Imagine this scene: you're stuck in the middle of the road. Your battery has just given up on you, and you patiently wait for another motorist to pass by so you can ask for help. You wait for hours and hours, and you feel the slightest pang of regret because just last week, you laughed at your friend's advice: get your own jump starter. It's an agonizing thought, and it seems like the stuff of horror movies, but it's actually something that happens all too frequently to a car owner. Getting your own jump starter is a very easy task, made easier by this guide that we have put together to help you choose a reliable product wisely.
Compatibility, portability, and durability
Jump starters are rated by their cranking amp and peak amp values. Look in your car's manual for the CCA rating (cold crank amps). Match this with the ampere rating of the jump starter you're planning to buy. Remember that the bigger the vehicle, the more power it will need.

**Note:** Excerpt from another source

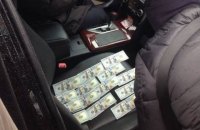 Главу управления Госавиаслужбы поймали на взятке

A standard jump starter is enough for a regular four-cylinder car, but a larger truck will need a jump starter with higher cranking or peak amps.
Portability is something that you should consider when buying a jump starter. You will be carrying it in the event of battery failure, so weighty ones will be a problem. Before buying a jump starter, consider the size and find out if you're comfortable with how much it weighs. You don't want to be injured or be unable to carry the jump starter in an emergency situation.
Consider the convenience of being able to charge the jump starter through a standard household socket. Not all jump starters have this feature. Overload protection is another great feature to look for. It keeps your car safe from damage in case you forget to unplug the jump starter. Look for a jump starter that is enclosed in a polypropylene case, as they are proven to be very durable. The length of the crocodile clips also varies from product to product, and as with everything else, the longer, the better.
Other features to look for
Modern jump starters sound off an alarm or have LED indicators that warn against reversed connections. We also recommend plastic-coated crocodile clips that resist annoying sparks. Along with a jump starter, some kits also include an air compressor you can use to inflate your tires. Some even have a power inverter and sockets you can use to power your car accessories.